Exercise objective:
When you reach the records below, repeat each one exactly as written.

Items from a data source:
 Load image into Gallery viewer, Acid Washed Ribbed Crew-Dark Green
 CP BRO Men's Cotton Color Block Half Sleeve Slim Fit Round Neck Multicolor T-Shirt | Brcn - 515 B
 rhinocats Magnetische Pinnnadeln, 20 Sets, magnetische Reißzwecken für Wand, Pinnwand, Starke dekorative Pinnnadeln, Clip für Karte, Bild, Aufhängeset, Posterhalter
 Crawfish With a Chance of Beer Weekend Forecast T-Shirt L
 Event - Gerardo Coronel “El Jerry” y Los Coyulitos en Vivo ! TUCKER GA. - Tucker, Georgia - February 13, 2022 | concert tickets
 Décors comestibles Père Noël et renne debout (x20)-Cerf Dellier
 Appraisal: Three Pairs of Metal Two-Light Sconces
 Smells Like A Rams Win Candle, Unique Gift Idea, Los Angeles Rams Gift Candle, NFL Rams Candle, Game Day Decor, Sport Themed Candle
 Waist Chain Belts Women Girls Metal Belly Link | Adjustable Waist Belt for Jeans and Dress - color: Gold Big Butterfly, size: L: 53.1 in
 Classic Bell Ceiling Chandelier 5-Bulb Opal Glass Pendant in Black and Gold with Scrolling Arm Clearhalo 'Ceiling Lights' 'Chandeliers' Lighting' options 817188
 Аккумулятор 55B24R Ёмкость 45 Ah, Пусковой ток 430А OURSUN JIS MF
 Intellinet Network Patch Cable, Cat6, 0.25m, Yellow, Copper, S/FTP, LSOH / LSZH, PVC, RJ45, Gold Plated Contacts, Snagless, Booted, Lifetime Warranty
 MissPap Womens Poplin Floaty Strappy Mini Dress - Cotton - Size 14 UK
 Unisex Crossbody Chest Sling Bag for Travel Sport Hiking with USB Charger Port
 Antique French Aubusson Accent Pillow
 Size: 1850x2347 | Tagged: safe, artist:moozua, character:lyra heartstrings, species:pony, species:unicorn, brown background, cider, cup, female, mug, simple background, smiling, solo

Answer to this exercise:
 Load image into Gallery viewer, Acid Washed Ribbed Crew-Dark Green
 CP BRO Men's Cotton Color Block Half Sleeve Slim Fit Round Neck Multicolor T-Shirt | Brcn - 515 B
 rhinocats Magnetische Pinnnadeln, 20 Sets, magnetische Reißzwecken für Wand, Pinnwand, Starke dekorative Pinnnadeln, Clip für Karte, Bild, Aufhängeset, Posterhalter
 Crawfish With a Chance of Beer Weekend Forecast T-Shirt L
 Event - Gerardo Coronel “El Jerry” y Los Coyulitos en Vivo ! TUCKER GA. - Tucker, Georgia - February 13, 2022 | concert tickets
 Décors comestibles Père Noël et renne debout (x20)-Cerf Dellier
 Appraisal: Three Pairs of Metal Two-Light Sconces
 Smells Like A Rams Win Candle, Unique Gift Idea, Los Angeles Rams Gift Candle, NFL Rams Candle, Game Day Decor, Sport Themed Candle
 Waist Chain Belts Women Girls Metal Belly Link | Adjustable Waist Belt for Jeans and Dress - color: Gold Big Butterfly, size: L: 53.1 in
 Classic Bell Ceiling Chandelier 5-Bulb Opal Glass Pendant in Black and Gold with Scrolling Arm Clearhalo 'Ceiling Lights' 'Chandeliers' Lighting' options 817188
 Аккумулятор 55B24R Ёмкость 45 Ah, Пусковой ток 430А OURSUN JIS MF
 Intellinet Network Patch Cable, Cat6, 0.25m, Yellow, Copper, S/FTP, LSOH / LSZH, PVC, RJ45, Gold Plated Contacts, Snagless, Booted, Lifetime Warranty
 MissPap Womens Poplin Floaty Strappy Mini Dress - Cotton - Size 14 UK
 Unisex Crossbody Chest Sling Bag for Travel Sport Hiking with USB Charger Port
 Antique French Aubusson Accent Pillow
 Size: 1850x2347 | Tagged: safe, artist:moozua, character:lyra heartstrings, species:pony, species:unicorn, brown background, cider, cup, female, mug, simple background, smiling, solo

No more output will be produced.